=== YOUR ASSIGNMENT ===
Leaving out every picture, output the records below exactly as they are.
Top of SUPPLIED RECORDS
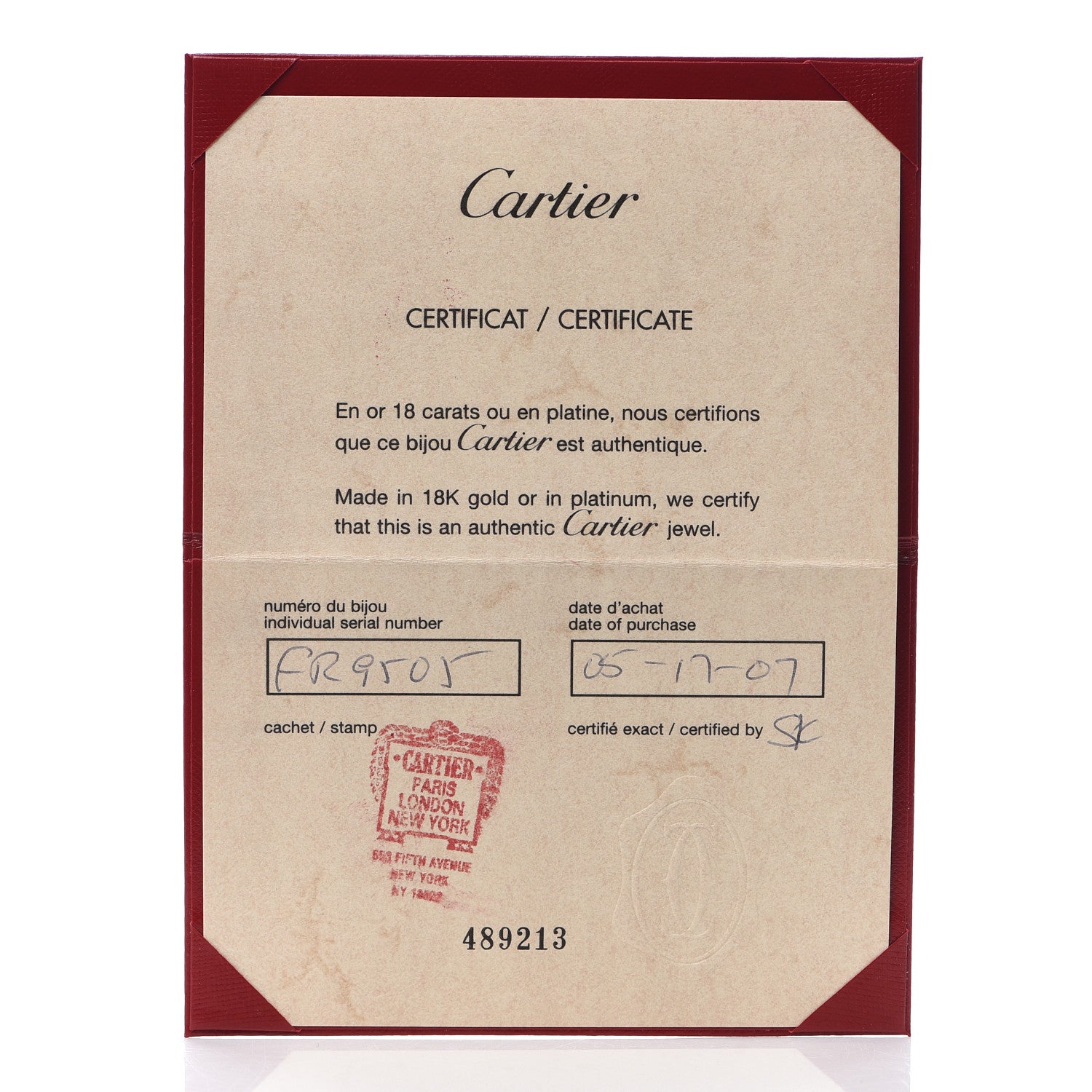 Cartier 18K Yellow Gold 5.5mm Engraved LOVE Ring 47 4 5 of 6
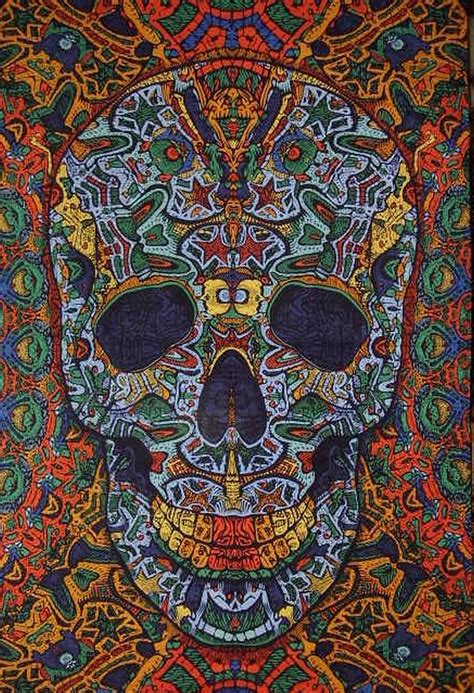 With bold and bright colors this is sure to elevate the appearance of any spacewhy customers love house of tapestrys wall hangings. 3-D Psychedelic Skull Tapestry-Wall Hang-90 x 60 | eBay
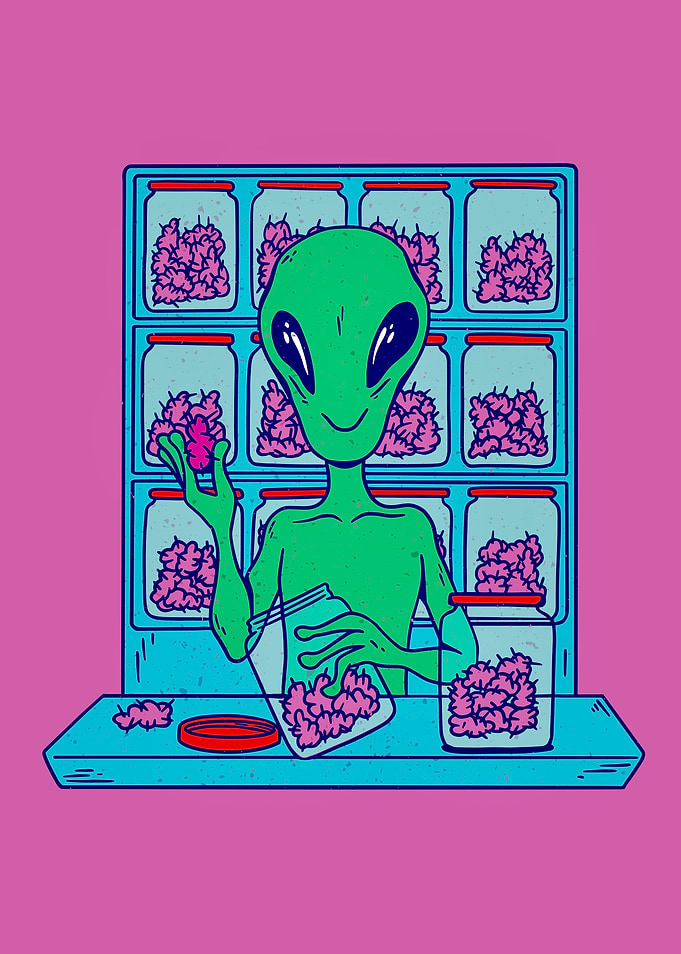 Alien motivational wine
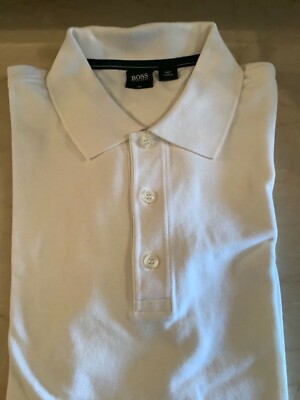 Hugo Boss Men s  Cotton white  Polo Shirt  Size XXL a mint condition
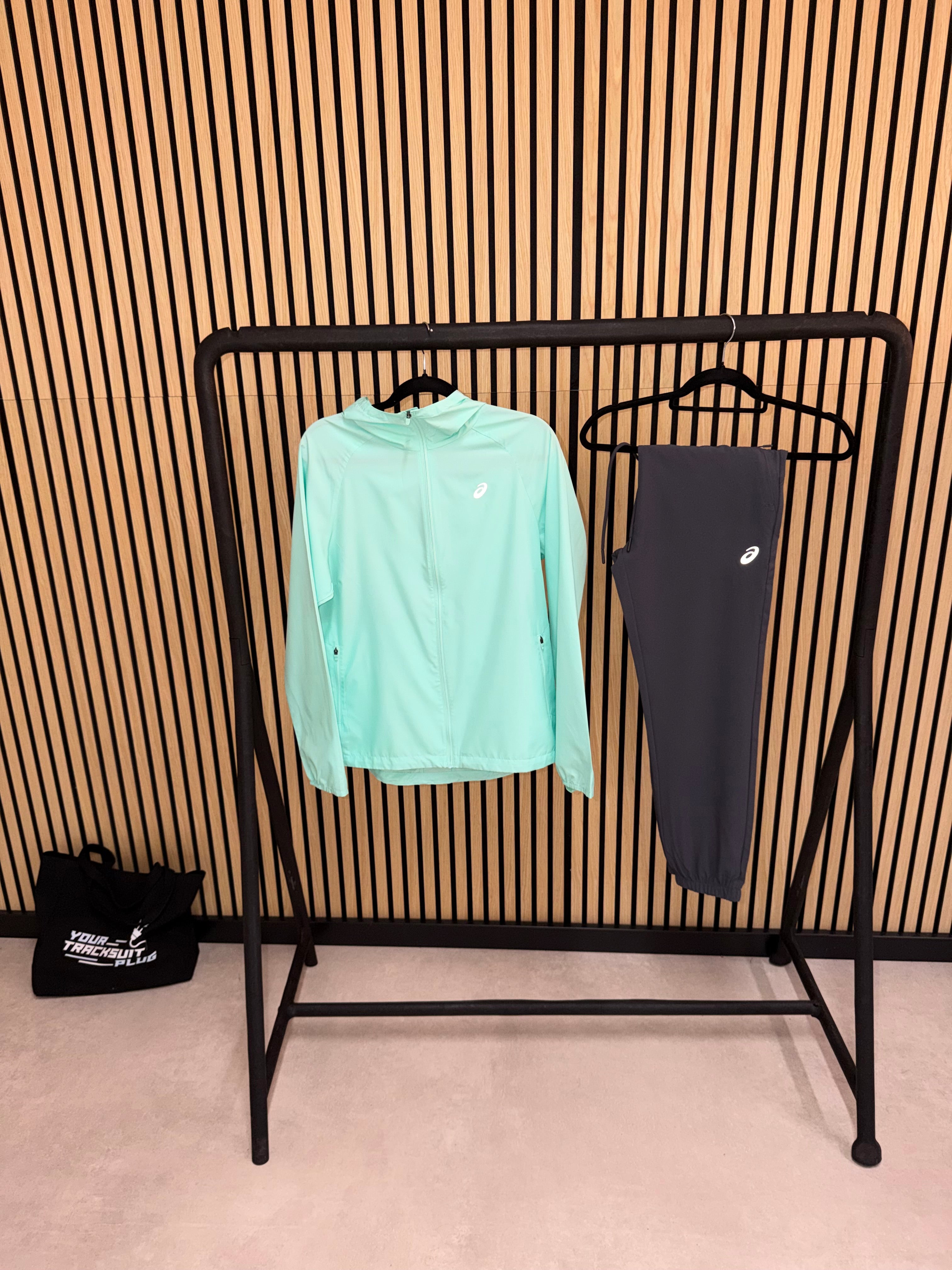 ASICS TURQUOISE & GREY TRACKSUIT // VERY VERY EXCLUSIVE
Bottom of SUPPLIED RECORDS
=== SOLUTION TO THE EXERCISE ===
 Cartier 18K Yellow Gold 5.5mm Engraved LOVE Ring 47 4 5 of 6
 With bold and bright colors this is sure to elevate the appearance of any spacewhy customers love house of tapestrys wall hangings. 3-D Psychedelic Skull Tapestry-Wall Hang-90 x 60 | eBay
 Alien motivational wine
 Hugo Boss Men s  Cotton white  Polo Shirt  Size XXL a mint condition
 ASICS TURQUOISE & GREY TRACKSUIT // VERY VERY EXCLUSIVE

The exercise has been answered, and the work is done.